Company Folders, Inc.
- Company type: Private
- Founded: 2003; 22 years ago
- Founder: Vladimir Gendelman
- Headquarters: Pontiac, Michigan, United States
- Area served: United States
- Key people: Vladimir Gendelman (CEO)
- Products: Document folders, Ring binders, report covers, and business cards
- Website: companyfolders.com

= Company Folders =

Company Folders, Inc. is an American online retailer based in Pontiac, Michigan. It specializes in selling customized document folders, report covers, and business cards.

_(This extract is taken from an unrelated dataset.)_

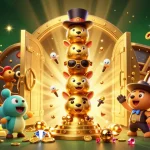 Jouer dans un casino en ligne France légal avec une illustration riche et dynamique de machines à sous, d'or et de joyaux.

Vladimir Gendelman founded the company in 2003 and now serves as its CEO.

==History==
Company Folders was founded in 2003 by a Ukrainian-born immigrant, Vladimir Gendelman. He founded it based on an observation of a limited availability of customizable presentation folders online. Prior to starting Company Folders, Gendelman owned a computer repair shop. Facing challenges in securing traditional bank financing, Gendelman initially financed the venture using credit cards. By 2004, the company achieved self-sustainability, allowing Gendelman to settle his credit card debts.

In June 2008, Company Folders relocated its headquarters from Waterford, Michigan to Keego Harbor, Michigan. Later, it was relocated to Pontiac, Michigan in 2017.

In May 2013, Company Folders launched Folder Design Gallery.

In 2022, following the Russian invasion of Ukraine, Company Folders suspended its operations in Ukraine. In the same year, the company removed the college degree requirement to apply to its jobs.